En complément des exigences imposées par l’Annexe 58-101, les agences de conseil en vote sont également chargées d’évaluer les informations liées au climat fournies par les émetteurs dans le cadre de la formation continue. Glass Lewis note que la présence d’une diversité de compétences au sein d’un conseil d’administration – y compris des compétences spécifiques et des caractéristiques de diversité – est nécessaire pour conseiller efficacement la direction lorsque vient le moment de prendre des décisions vitales. En général, ISS recommandera de voter contre le président du comité responsable de toute société qui est i) un émetteur important de gaz à effet de serre et ii) qui ne prend pas les mesures minimales exigées pour comprendre, évaluer et atténuer les risques liés aux changements climatiques.

Dans leurs recommandations de vote, les agences de conseil en vote tiendront également compte des critères d’évaluation des résultats liés au climat dans les régimes incitatifs à court et à long terme des dirigeants. Glass Lewis soutient vivement l’intégration des risques importants associés aux facteurs ESG et recommande que les sociétés fixent des objectifs à long terme pour attendre les ambitions environnementales et sociales. Toutefois, ce volet a un caractère moins prescriptif. Glass Lewis estime que les mesures ESG dans les régimes de rémunération devraient être fondées sur les circonstances de chaque entreprise. Dans cet esprit, les conseils d’administration devraient examiner la manière dont les régimes incitatifs axés sur les facteurs ESG améliorent ou protègent la valeur actionnariale à court et à long terme.

Perspectives à venir

Dans son récent énoncé des priorités pour 2023-2024, la Commission des valeurs mobilières de l’Ontario (« CVMO ») s’est engagée à faire progresser le travail sur les obligations d’information relative aux facteurs ESG pour les émetteurs assujettis[7]. Les résultats escomptés par la CVMO pour ce mandat sont les suivants : i) les investisseurs auront accès aux informations nécessaires relatives aux facteurs ESG pour éclairer leurs décisions d’investissement et de vote; et ii) les émetteurs assujettis auront été clairement informés quant aux exigences en matière d’information liée aux facteurs ESG.

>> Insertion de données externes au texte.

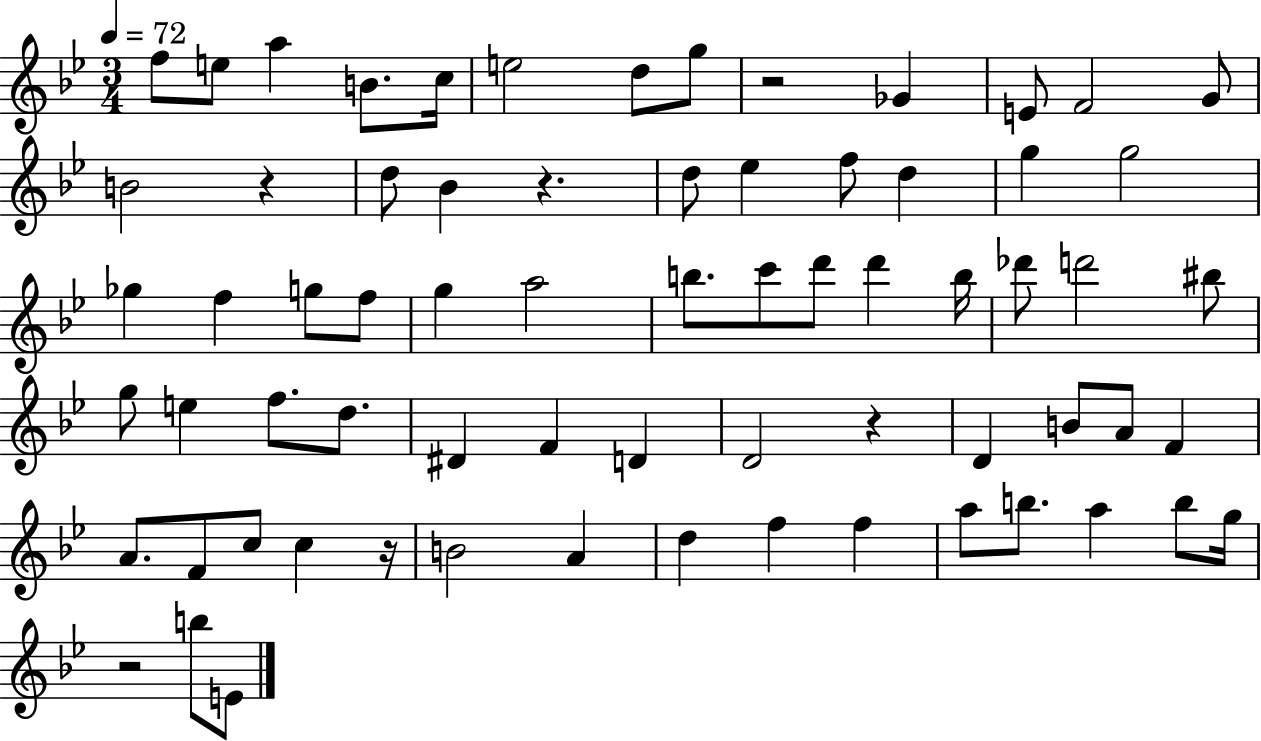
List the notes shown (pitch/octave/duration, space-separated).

Même si elles ne sont qu’embryonnaires, la CVMO continue de miser sur les pratiques de communication d’information ESG comme mécanisme de promotion de la confiance des investisseurs à l’égard des informations communiquées par les sociétés du fait du regain d’intérêt des investisseurs institutionnels et des investisseurs particuliers à ce sujet. En 2021, les ACVM ont publié aux fins de commentaires le projet de Norme canadienne 51-107 sur l’information liée aux questions climatiques (la « Norme 51-107 »), ainsi qu’une instruction complémentaire connexe et deux annexes. La Nrome 51-107 vise à normaliser les obligations d’information des émetteurs sur les questions climatiques conformément aux recommandations du Groupe de travail sur l’information financière relative aux changements climatiques[8].Compte tenu de l’attention que les organismes de réglementation et les agences de conseil en vote continuent de porter aux facteurs ESG, les conseils d’administration doivent continuer de tenir leurs connaissances à jour et poursuivre la mise en œuvre de pratiques responsables sur les plans environnemental et social pour renforcer la confiance des actionnaires et les résultats de la société.

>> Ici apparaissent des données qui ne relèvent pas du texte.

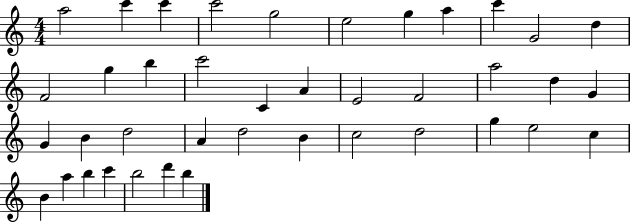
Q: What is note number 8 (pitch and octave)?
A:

Grâce à sa forte présence dans l’ensemble du pays et à son expérience inégalée, le groupe Responsabilité sociale d’entreprise et marché du carbone de Miller Thomson est bien positionné pour conseiller ses clients sur toutes les facettes des facteurs ESG. N’hésitez pas à communiquer avec les responsables de notre groupe national pour savoir comment nous pouvons aider votre entreprise.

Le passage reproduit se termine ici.